Is directing a kind of drug too, given that it is addictive, expensive and can be hazardous to one's health. "Well it can be, as can money or sex. But again, I'm not judgemental. It's not good or bad, it's just there," he says and surprisingly links this thought to the movie. "I like the idea of coffee breaks, like this little situation of people having coffee, and smoking together, as something outside of the daily routine. And it's a drug! They get to use drugs, and take a break to get some stimulation from a drug. I like that as a device for a little conversation."
Jarmusch has more of a miniaturist's or a lyric poet's sensibility than that of a feature film-maker in some ways. His films are often accused of lacking plot, when what's really going on is an attempt to grasp a certain mood, to fix a point in time that feels imbued with ineffable feeling. It's this which makes his work, for all the Americana on display, seem more European or Asian, and not just because he often features non-American characters. Those long takes where people do nothing much in particular, the silences, the languor, may all seem random, but they're the product of a quite formalist imagination, despite Jarmusch's insistence that he's an intuitive film-maker.

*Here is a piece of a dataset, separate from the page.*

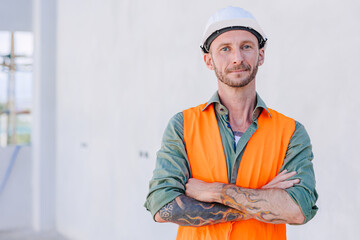 portrait smart confident arm crossed engineer construction worker builder home renovate service man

I ask if his attraction to short films and long scenes springs from a desire to push the boundaries of cinema. "Yeah, I think of cinema as more like poetry, in that literary forms are so wide as a variety," he says. "You could write a novel or you could write a poem that's two lines long. But cinema is restricted commercially. The film must be under two hours because we can then get six screenings in a day instead of five, and we make more money. And I'm like, 'Shouldn't the film be as long as it wants to be?' So I like to have the idea that the film is free and the form is a little more free than that. I love form and I love structure, but I want the content to fit, the form to support the content and not the other way round."
In Coffee and Cigarettes, two characters discuss Paris in the 1920s, the golden age of modernism. Which era would Jarmusch choose to live in if he could go back? "New York in the late Seventies," he says, perhaps remembering a time when he studied literature at Columbia went to film school and was in a band.
"That's when I first lived in New York and it was so amazing. Anything seemed possible. The city was really dangerous, there was an economic crisis. There was the blackout, the Summer of Sam, the beginning of punk rock, the beginning of hip hop, the beginning of a new generation of underground film-makers and artists, Jean-Michel Basquiat... It was also disco, and excess, and that whole scene. Yeah, it was a lot of wow, a lot of weird things compared to today."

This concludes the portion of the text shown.